Since the past few weeks I have been taking the certificate course on machine learning taught by Andrew Ng. Even though I had taken the free version of this course way back during college, some aspects of it eluded me at that time. This was because the scripts used in this course are written to work with octave and since the language was not part of my curriculum I skipped some of the practical assignments and simply skimmed through the theory.

Recently, I thought it would be a good exercise to go through the course once again and try to understand all its nuances. One way of doing this was to implement all the assignments in R without using any library. Following is my attempt at understanding gradient descent. Complete codes for this exercise can be found here.

Gradient Descent - Intuition

What exactly is a Gradient?

Recalling the equation of a straight line:

\[y = mx + c\]

Rewriting this in a slightly different form (used by Prof. Ng in his lectures) we get:

\[h _\theta(x) = \theta_0 + \theta_1(x)\]

Here \( \theta \) is the gradient analogous to slope m in the equation of a line. If I recall, the slope of a line in a 2D plane it is calculated as \( \frac{y_2 - y_1}{x_2 - x_1} \) i.e. by how much will y change if x is changed by a certain amount?

Now I want to fit a line through my data in such a way that it passes through majority of the points. So that in the future if I want to predict the position of an unknown point I can just use the line I used to fit my data. What I want is that the line that I am trying to fit exactly traces my data points so that the distance (error in machine learning culture) between my fitted line and data points is minimum. To do this I need to understand that by how much (magnitude) and in what direction I need to change the slope of my line so that it fits majority of my data points.

What is a cost function?

This is where the cost function \( J(\theta) \) comes into picture. Cost is simply the distance (error) between my data points and fitted line and ideally this must be as close to 0 as possible. By taking its partial derivative I calculate how much (magnitude) cost will change if I change \( \theta \) by a certain amount (this is the same logic which is used for calculating slope of a line, i.e. magnitude of change in y with respect to x. And also a general idea of calculus which deals with the mathematics of change of one quantity with respect to another.)

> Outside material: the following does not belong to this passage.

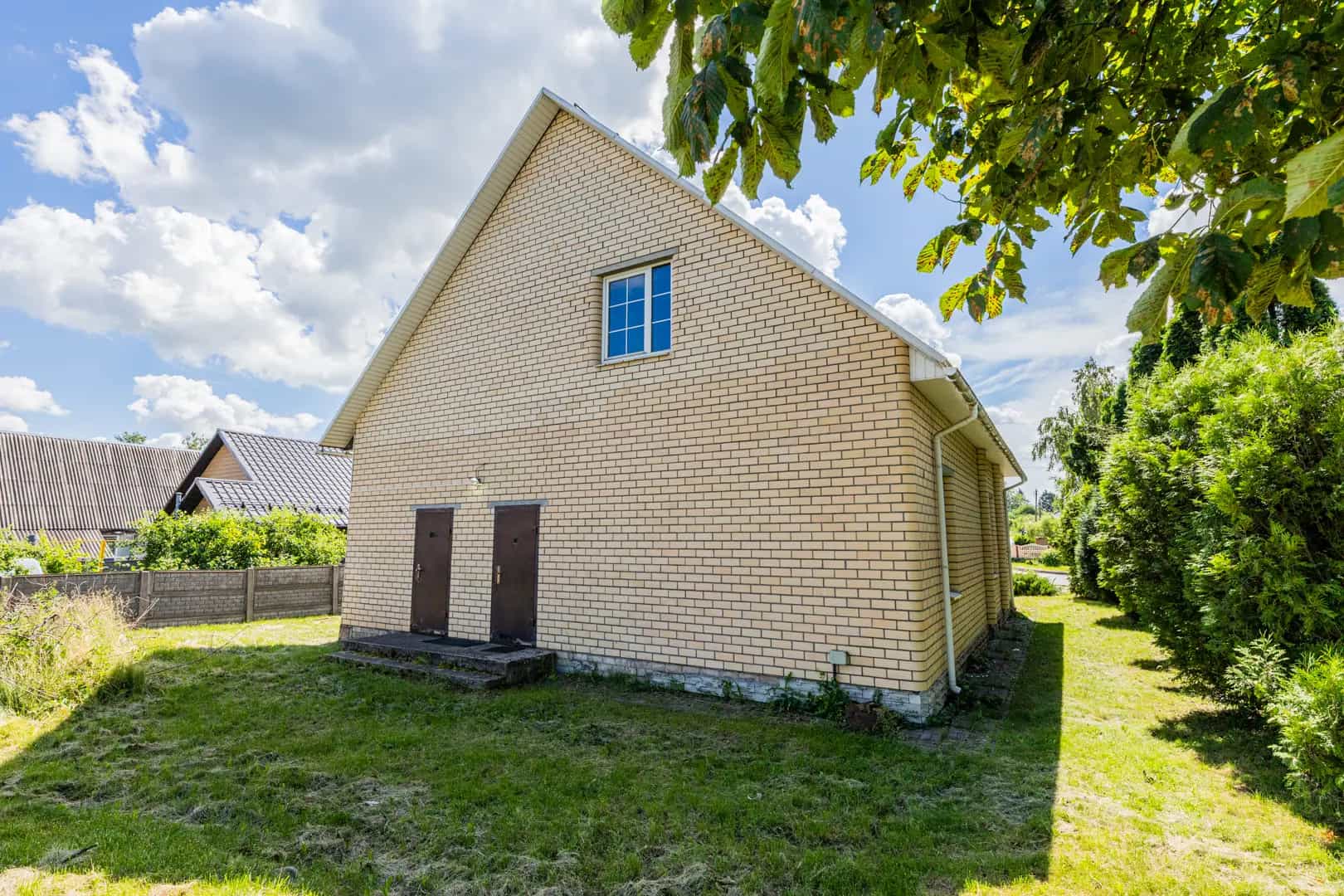 Беларусь, Минская область, Смолевичи, Советская улица, 47, фото 21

What is descent in gradient descent?

Getting an idea of the cost function and gradient I move on to the descent in gradient descent. The central idea here is that I want to find the optimum value of \( \theta \) so that my cost \( J(\theta) \) is as low as possible (close to zero). To do this I have to iterate over different values of \( \theta \). This change in value of \( \theta \) is done using the learning rate/step or \( \alpha \) which is nothing but a small multiplication factor (0 to 1). The gradient (partial derivative of \( J(\theta) \)) always points in the direction of the steepest ascent i.e. - in the direction where change in cost is maximum. But since I want my cost to be minimum I go in the opposite direction or towards a descent. With each step the gradient is recalculated and I move towards the opposite direction and possibly reach a global minima. This minima is the lowest possible value that can be obtained for the function \( J(\theta) \) given a value of \( \theta \).

gradient_descent

Why gradient points in the direction of steepest ascent?

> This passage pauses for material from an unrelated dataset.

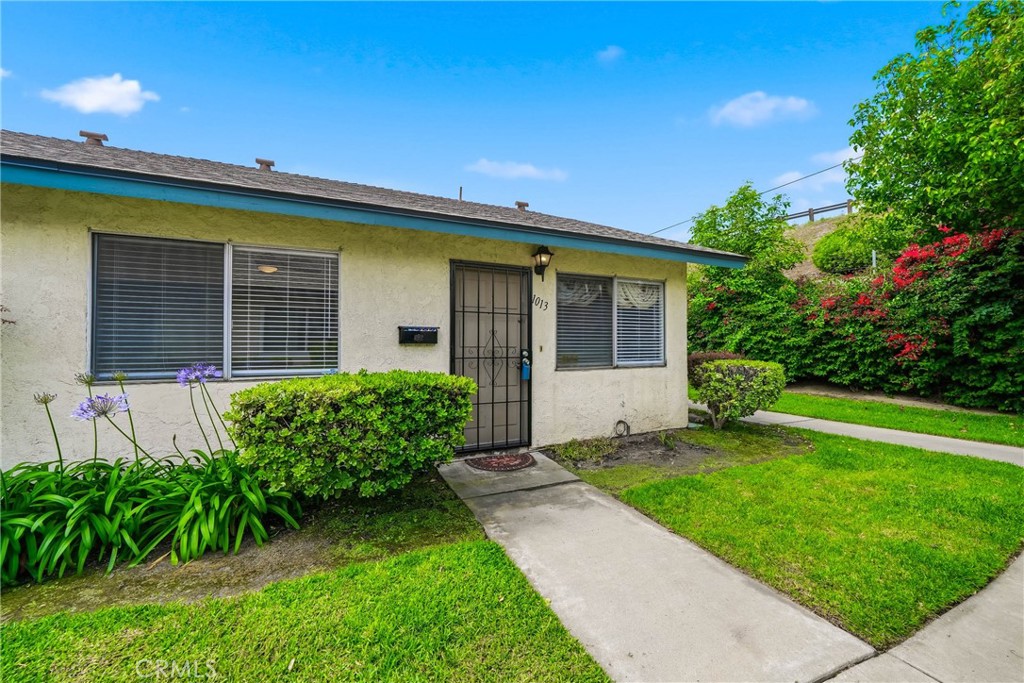 1013 Seaview Property Photo 2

Recalling some basic vector calculus I know that the dot(.) product between 2 vectors equals:

\[a.b = \left\lVert a \right\rVert \left\lVert b \right\rVert cos\theta\]

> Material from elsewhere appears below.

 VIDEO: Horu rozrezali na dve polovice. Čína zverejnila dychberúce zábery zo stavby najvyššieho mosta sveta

Here the quantity can be maximum only when \( cos\theta \) is 1. Which is only possible if \( \theta \) is 0. i.e. both a and b are in the same direction. Extending this argument further, if we consider \( grad(f(a)) \) as a vector and an arbitrary unit vector \( v \), we can project along this direction using the dot product \( grad(f(a)).v \), which is also the definition of a directional derivative. And this dot product will be maximum only when both vectors are in the same direction.